Do you have a recirc valve or a BOV?







Has that been on a dyno?


----------



## steven12345 (Jul 18, 2006)

*Re: (TIGninja)*

its DV and no i havent had a dyno done


----------



## gtvento13 (Oct 4, 2007)

*Re: (steven12345)*

can you get some pics of the engine bay so we can see what you have going on


----------



## steven12345 (Jul 18, 2006)

*Re: (gtvento13)*

no prob ill have them up tomorrow


----------



## steven12345 (Jul 18, 2006)

*Re: (steven12345)*


----------



## gtvento13 (Oct 4, 2007)

*Re: (steven12345)*

i cant tell if there's anything on the end of the pcv, but if it's blocked it shouldnt be. if its open you should put a filter there. 
also, maybe the way your dv is routed is causing this. it should be routed AT LEAST 6-8 inches behind the maf.


----------



## steven12345 (Jul 18, 2006)

*Re: (gtvento13)*

you think that moving it back closer to the turbo inlet could fix the problem?


----------



## [email protected] (Oct 6, 2009)

*FV-QR*

no.


----------



## steven12345 (Jul 18, 2006)

*Re: FV-QR ([email protected])*

damit why cant there be like a switch somewhere i didnt flick so it would just work right


----------



## gtvento13 (Oct 4, 2007)

*Re: FV-QR (steven12345)*

idk i was always told not to have the dv routed too close to the maf. it wont cost you anything, i say give it a go


----------



## [email protected] (Oct 6, 2009)

*FV-QR*


_Quote, originally posted by *gtvento13* »_idk i was always told not to have the dv routed too close to the maf. it wont cost you anything, i say give it a go


he's going rich at WOT while in boost.

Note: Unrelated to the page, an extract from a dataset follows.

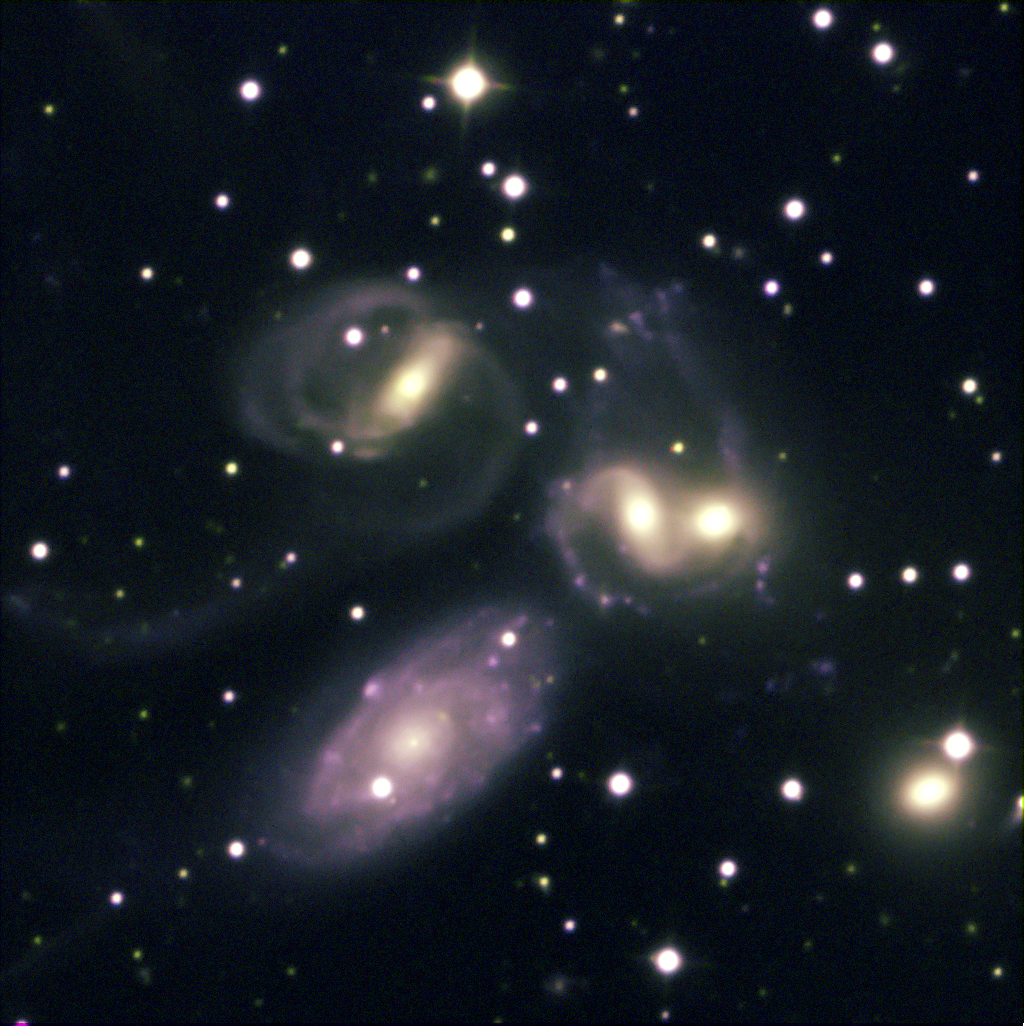 A Cluster Of Galaxies | 300 Million Light Years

The DV stays shut during this time.


----------



## gtvento13 (Oct 4, 2007)

*Re: FV-QR ([email protected])*

touche


----------



## steven12345 (Jul 18, 2006)

*Re: FV-QR (gtvento13)*

what would control this... does the ecu have anything to do with fueling at WOT


----------



## [email protected] (Oct 6, 2009)

*FV-QR*


_Quote, originally posted by *TBT-Syncro* »_
maf
TPS
02 sensor
CTS

^^^


----------



## steven12345 (Jul 18, 2006)

*Re: FV-QR ([email protected])*

i changed or swiched all of that out


----------



## [email protected] (Oct 6, 2009)

if you really are running lower than 10:1 you should be misfiring/stuttering.
But lets review:
You've replaced or swapped out:
MAF
CLT 
TPS
O2 (oem)
O2 (wideband)
FPR
You've checked for leaks and have none.
You've calibrated your wideband? (if applicable)
If all that checks out. Then the only thing left for me to think is the Tune is f'd (why i dont know, leave that to c2)
But you were saying it just all of a sudden started happening? Or did you just get a wideband one day and realize it was happening?


----------



## steven12345 (Jul 18, 2006)

*Re: ([email protected])*

just got a wideband and saw it was.. its missfireing a bit as well


----------



## [email protected] (Oct 6, 2009)

*FV-QR*


_Quote, originally posted by *steven12345* »_just got a wideband and saw it was.. its missfireing a bit as well


Then the last thing i'd suggest is to get it on a dyno so you can get a reading/log of the a/f curve and send that to them. I'm sure Jeff could fix it in a blink of an eye.


----------



## steven12345 (Jul 18, 2006)

*Re: FV-QR ([email protected])*

k well any other advice im still trying to find a dyno that is avaible in my area


----------



## [email protected] (Oct 6, 2009)

*FV-QR*

http://www.smokemup.com/utils/dynosearch.php


----------



## 1098lover (May 16, 2009)

have you tried to taking off the air filter? some times with the filter super close to the MAF it freaks out the ecu and does strange stuff. Its doing it to my VRT right now ....


----------



## steven12345 (Jul 18, 2006)

*Re: (1098lover)*

ima try it ... but anyway if that dont work do you think i could just do a ajustable FPR and just turn down the the fuel manualy


----------



## steven12345 (Jul 18, 2006)

*Re: (steven12345)*

well i got a few dyno runs in... still runs pig rich.... but i did learn some things... that my car does lean out eventually at high high boost.... and i we manged to get it to boost steady so it had a nice curve on my dyno plot and i also found out that at about 23 psi i hit 289HP... silll running pig rich though


----------



## [email protected] (Oct 6, 2009)

*FV-QR*

is the dyno o2 sensor saying its pig rich or you still just referencing your in car one?


----------



## steven12345 (Jul 18, 2006)

*Re: FV-QR ([email protected])*

pretty much my car and another car he dynoed yesterday burned it out so the dyno was not able to read but i have a video of my car from the cockpit with the tach, wideband, and boost gauge..... best i could do casue there sensor craped out


----------



## Daskoupe (Oct 9, 2006)

*FV-QR*

289whp isnt bad at all!


----------



## [email protected] (Oct 6, 2009)

*FV-QR*


_Quote, originally posted by *Daskoupe* »_289whp isnt bad at all!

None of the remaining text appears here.